Healthy Practices – Don’t Fight Yourself

Previous post on weight & health: Getting back to the real me

While I’ve been successfully improving my health and losing weight by altering what I eat, that’s only half the story. The other half is the inner work I’ve been doing to align my conscious self with my subconscious, that place from which so much self-sabotage comes. At the age of 48, I’ve spent decades fighting myself: part of me wanting to eat healthy, nutritious food while another part of me NEEDED that cake. The battle waged every day and it was hell on my self-esteem and body.

Why is taking care of yourself so hard? Why do we sometimes know exactly what we need, but still not do it? I believe we resist it for emotional reasons. We’re blocked by things we don’t want to look at such as believing we deserve what we’ve got or thinking life is supposed to be hard or fearing that being healthy means giving up something else. Such issues go very deep, are often very old and take concentrated effort to heal. That’s why it makes no sense to try to force yourself to exercise or improve your diet. You have to be emotionally ready to make those changes or you’ll just go back and forth, taking steps forward and backward, over and over. I did that for years. If you’re not ready to face the emotional pain that will come up when you start to improve your health, you won’t improve your health. Those of us who want to push and pull others towards the health we know they’re capable of aren’t honoring the fear and pain that keeps people where they are.

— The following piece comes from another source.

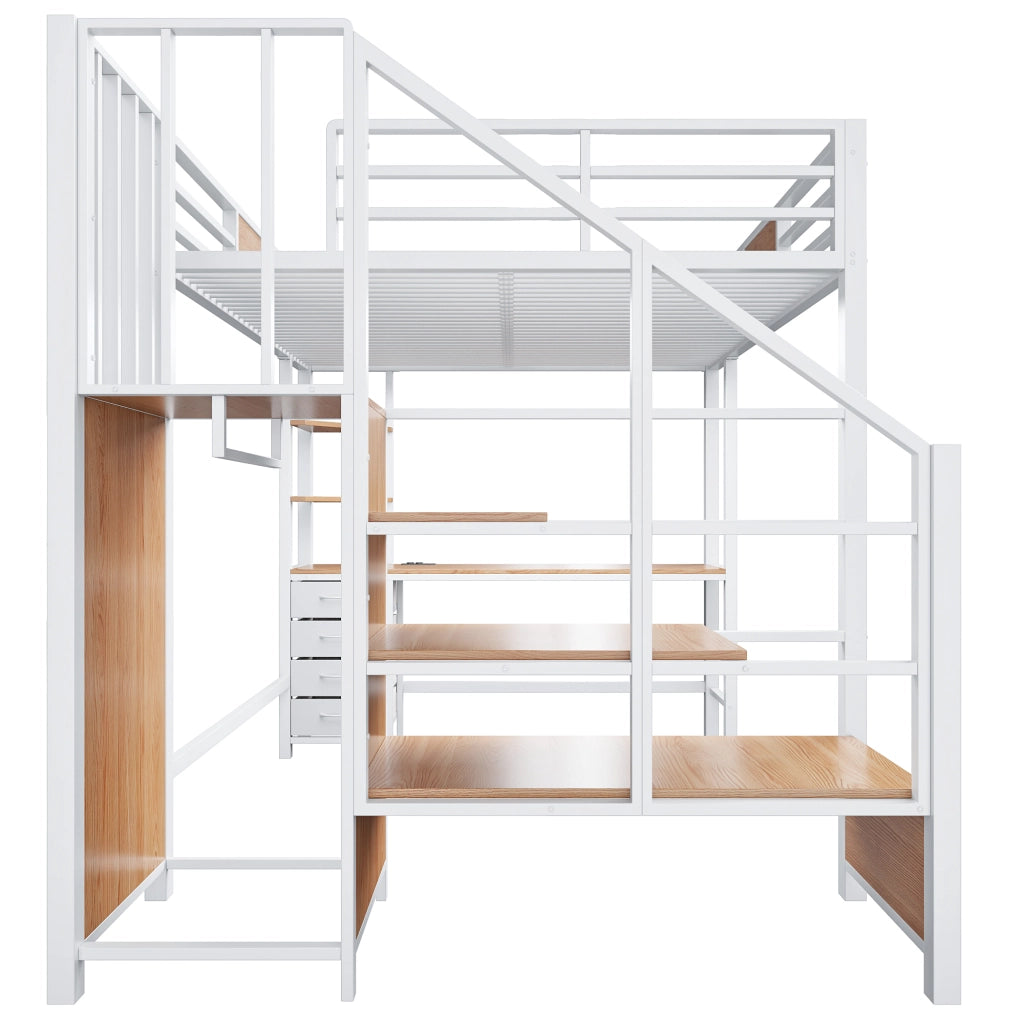 Hochbett in metallo 140x200 cm con scrivania, ripiani, barra appendiabiti, LED e presa europea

Some people need to stay where they are. Some people need it so much they stay there for a lifetime and die that way and that’s just how it is.

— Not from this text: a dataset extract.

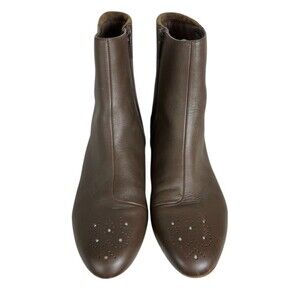 Tsubo Women's Brown Leather Perforated Pattern Flat Driving Ankle Boots Size 11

I’m only able to stick so well to my current detoxification plan (no sugar, dairy, grains, caffeine or alcohol) because I’ve done two decades of work on my sugar addiction and self-hatred. The daily war I used to wage within my mind and body has calmed down to a daily skirmish (I’m still working on it) because I’ve dug into those painful issues. I’ve moved out the old fears enough to be able to get this current toehold on true health. My journey has included countless therapies and healing modalities (talk therapy, meditation, Emotional Freedom Technique and Eye Movement Desensitization & Reprocessing were big ones for me). All that work had to be done before I could get to this place where I truly have a shot at treating myself well without giving in to old habits of bingeing and self-loathing.

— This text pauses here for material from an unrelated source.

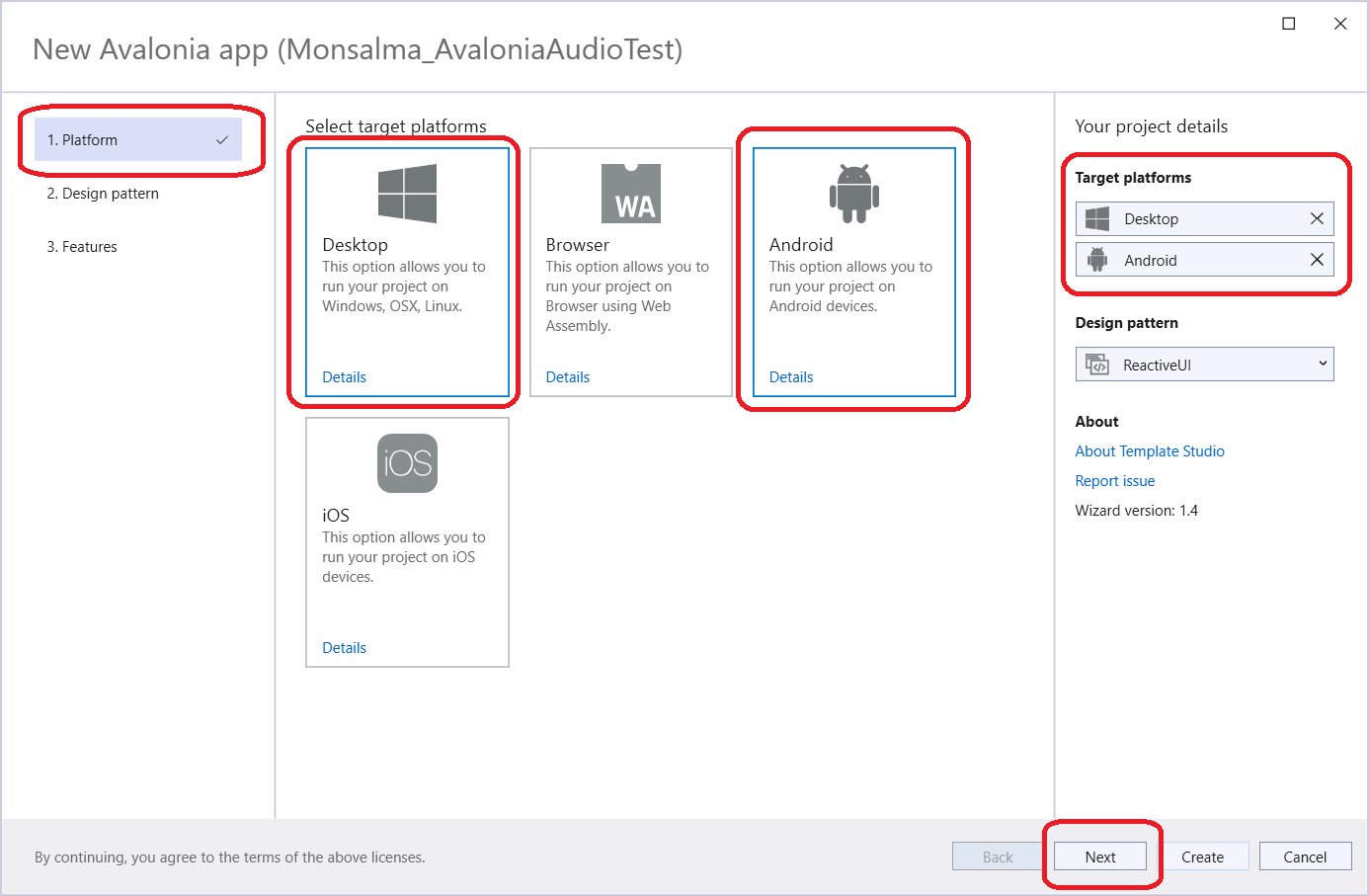 Avalonia UI - Audio Test - Select application platforms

To give an idea of the kind of work I’m writing about, here are some practitioners
who are good at getting down to the hard-wiring that keeps us from consistently doing what’s best for us: Jon Gabriel, Margaret Lynch, Joe Dispenza, but there are many ways to get there. I’ve worked a little bit with their books, but I did most of my personal work with practitioners in Chicago and Wilmette, Illinois. I think personal work with a practitioner is best.
People who trumpet their physical health accomplishments without mentioning the inner work it took to get there, irritate me. Reaching health and staying there takes resources, especially emotional ones. Maintaining poor habits is often the result of  learning that we don’t deserve better. Unlearning that belief has to come before we can reach lasting improvement in how we treat ourselves.